Is anyone out there able to comment on camp sites in peniche or local area(10k).Alan Rogers and Rough Guide list the following:
Camping Peniche Praia, 
Camara Municipal Peniche,
but unfortunately no reviews and limited info.
Regards


----------



## 88837 (May 9, 2005)

*Campismo Municipal Peniche*

Hi Stormin,
We stayed at the site in March 2003. It cost about 4 euros per night without electricity. Off season the site was very clean and the staff were very helpful - even helped me with sorting out my camping carnet that I had left in Lisbon (I had been given the wrong one by the helpful girl in Campismo Lisboa). I don't remember all the details of the site as we were on our way around the Spanish and Portuguese coast and visited many sites in 2 months.
There is a lot to do in the local area, political prison, harbour, fantastic rock formations and old towns to name but a few. Some parts of the town appeared very run down and I would not leave my van there, but we did not hear of any problems.
Whilst we were there a lot of road works were under way very close to the site. They in no way affected the site and it should be finished by now.
The town is well known for its fishing and fish restaurants. We had a fantastic local fish casserole with tomatoes and potatoes- give it a try if you like fish cooked in a traditional way we loved it.
We intend returning and will happily use the same site.
Rodger


----------



## stormin (May 10, 2005)

thanks baddow,reassuring to hear your views shall try emailing site for details and availability.Excuse my ignorance but what is a camping carnet?


----------



## 88837 (May 9, 2005)

*Camping Carnet*

Hi Stormin
A carnet is accepted by campsites in lieu of a passport- collected I believe in case a camper decides to drive off without paying. On departure day you settle up your fees, collect your carnet and travel on. Most of my experience in this country is by paying in advance so there is no need for wardens to hold any of your documents.
All of the major clubs issue carnets often free if booking insurance or ferries with them.
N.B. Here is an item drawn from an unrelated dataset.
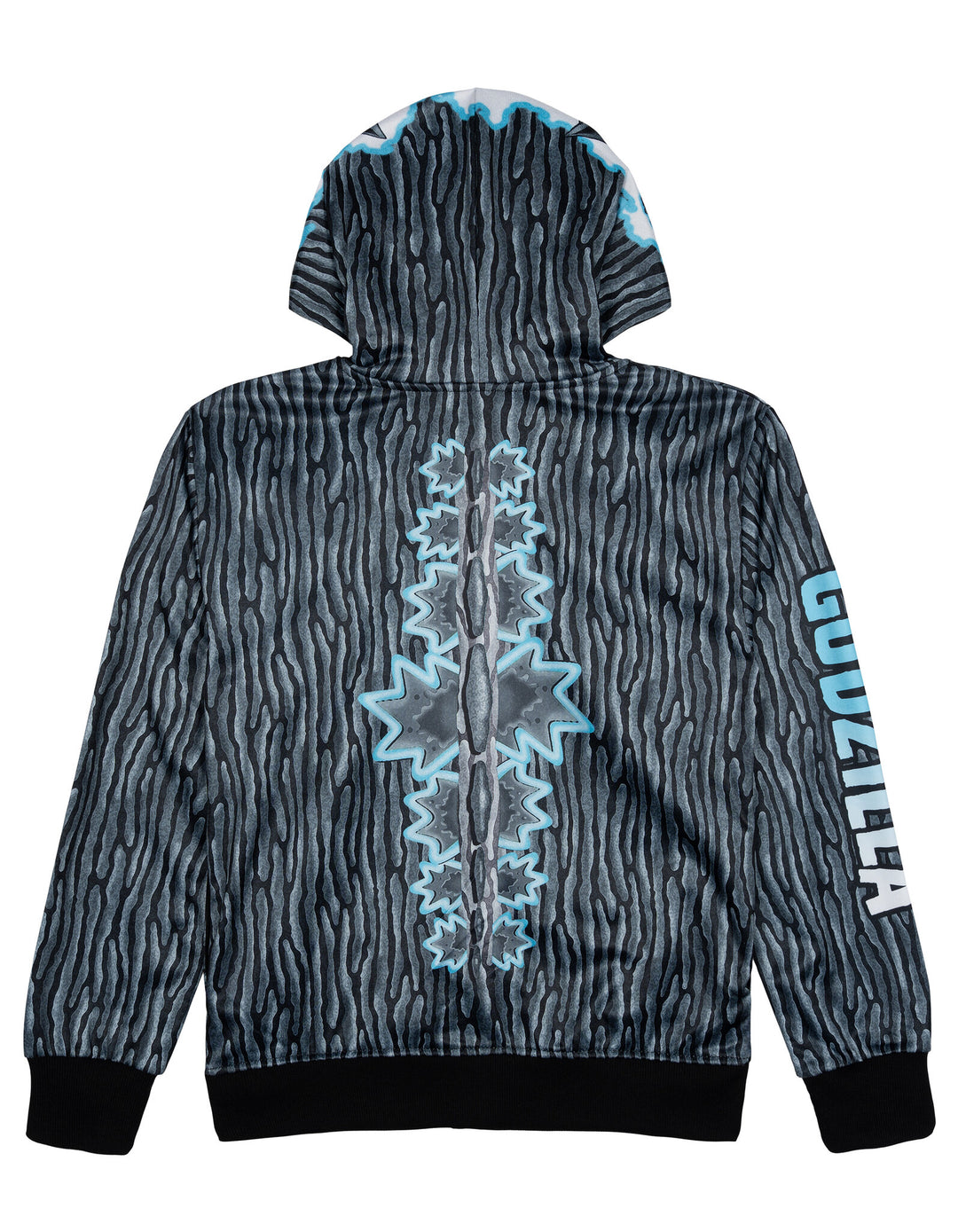 Godzilla Boys' Cosplay Fleece Zip-Up Hoodie Charcoal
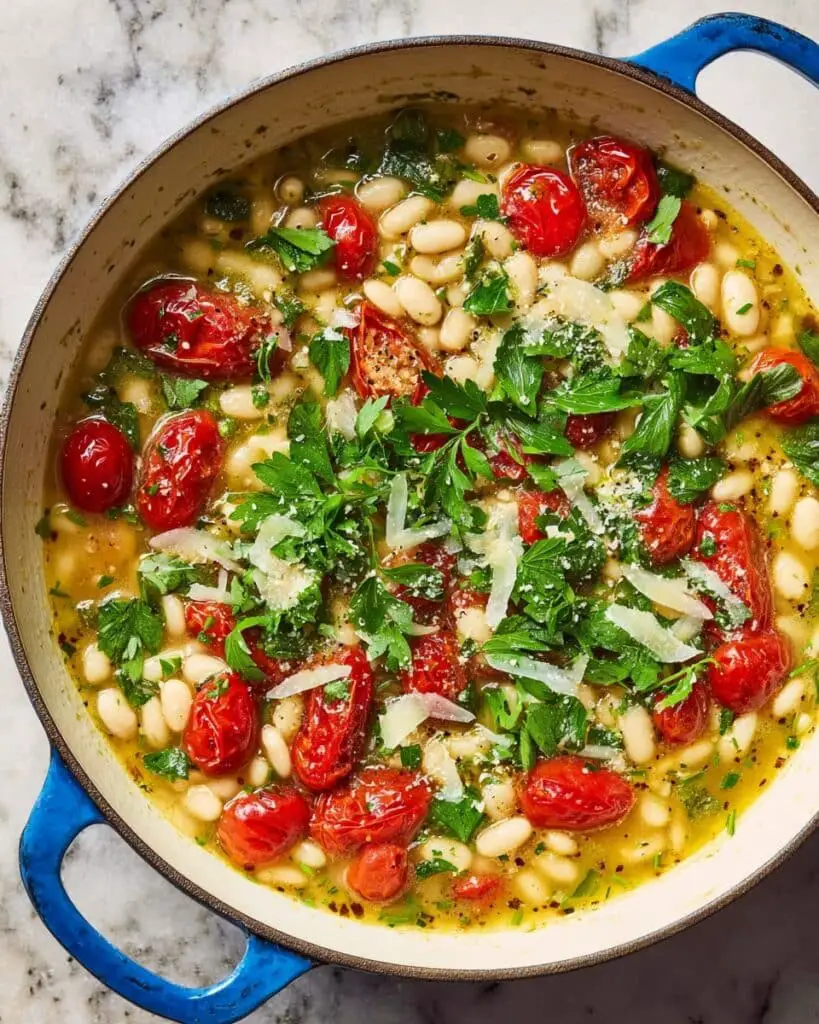 Garlic Parmesan White Beans Recipe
If you are not a club member then it is possible to purchase a carnet from them.
There is also an insurance element within the carnet but I have never checked the details.
The website address is www.roteiro-campista.pt/Leira/munpen.htm
Whilst travelling through Portugal I found "Camping Portugal Guia De Parques De Campismo" an excellent guide. It was available from most campsites.
Rodger


----------



## stormin (May 10, 2005)

*campsites peniche*

hi baddow,
thanks for the info will contact the c.c re:carnet
regards stormin


----------